No, I didn’t go cold turkey (though I sometimes have no-Internet days, and I like them).
Back in 2013,
creative agency Mother London deprived five internet addicts of their drug of choice, and filmed the consequences.
Under the watchful eye of psychoanalyst Sarah Hirigoyen and neurologist Alistair Jennings, our five addicts had their internet lives stripped away for a week. Their smart phones were replaced with old text-only mobiles; their social passwords were taken away and changed.
You can see the full results at http://www.nointernetweek.co/
Highlights?
- One person wrote her first-ever letter.
- Another took time to hang out over lunch with a friend.
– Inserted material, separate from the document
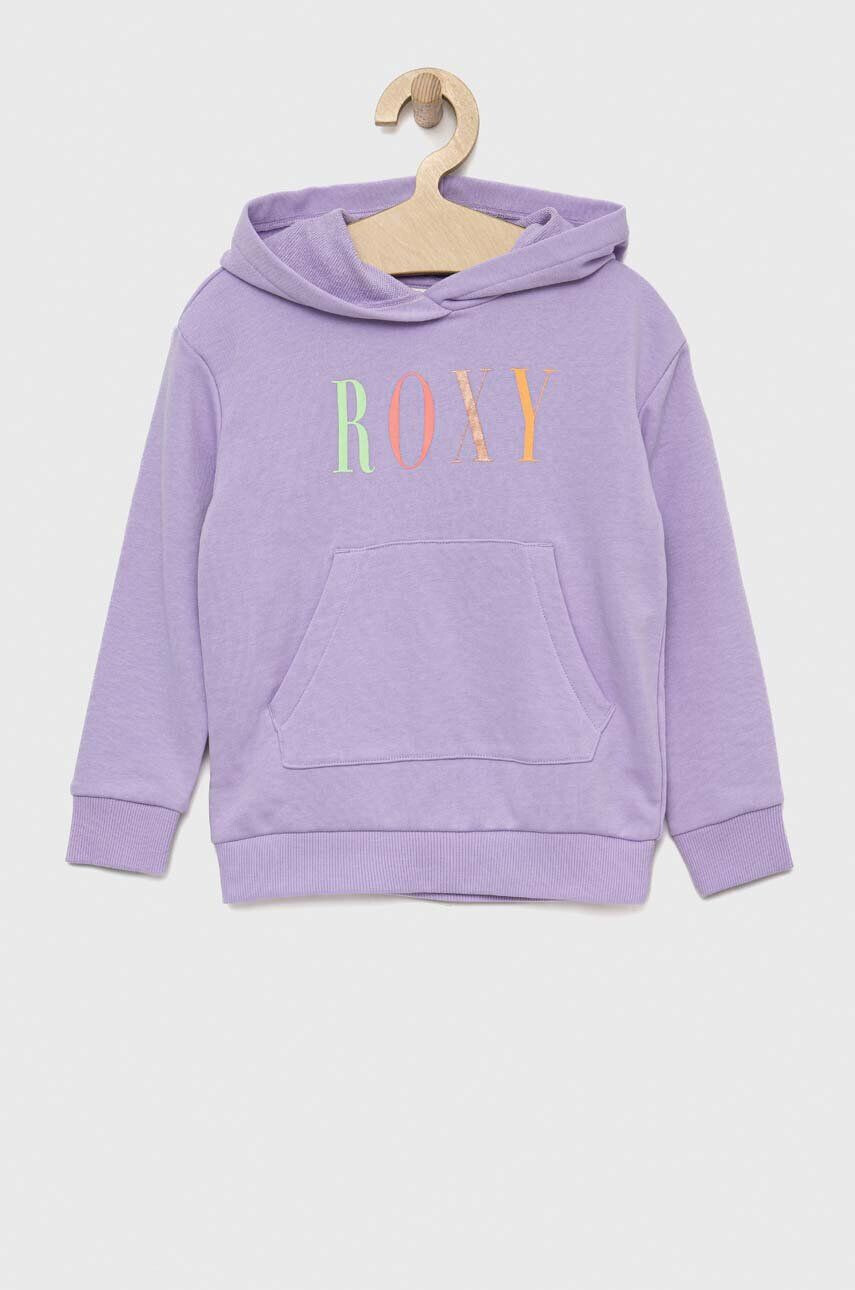 Roxy bluza copii culoarea violet cu glugă cu imprimeu - Pled.ro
- A third admitted powerlessness over use of the Internet.
- “A real-world like means so much more.”
- “Sometimes I feel like smashing my phone and the rest of it up, and chucking it in the fire.”
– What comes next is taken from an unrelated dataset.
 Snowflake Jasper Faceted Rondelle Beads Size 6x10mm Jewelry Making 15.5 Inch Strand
- Somebody used a paper folding map, while another used a map book.
- (speaking about a gift scrapbook) “This feels real and this came with loads of thought.”
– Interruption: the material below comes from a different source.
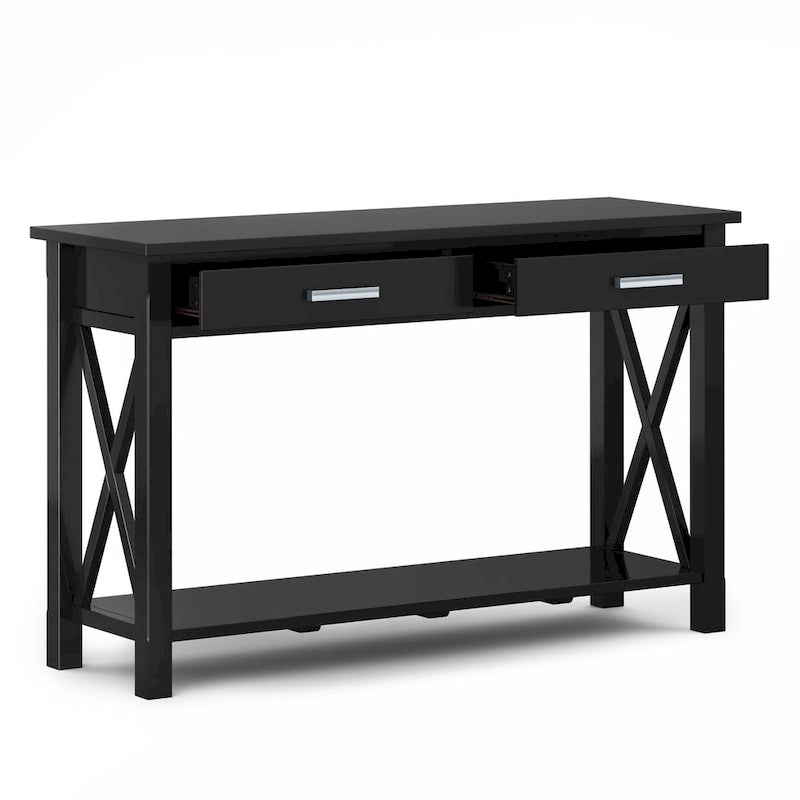 Solid Wood Console Sofa Table with 2 Drawers and Bottom Shelf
- “A lot of my friends are around the corner, but they don’t know where I am.”
- (of friends on Facebook) “When it comes to personal stuff, I don’t know who’s my real friend.”
- (of disconnecting from social media) “I felt like I’ve been unchained from a whole load of noise.”
I didn’t grow up a digital native (but immigration was a smooth process) which is what makes this 13-minute documentary fascinating to me. I couldn’t imagine this level of connectedness in my own life.
Check out the documentary for yourself. What do you think?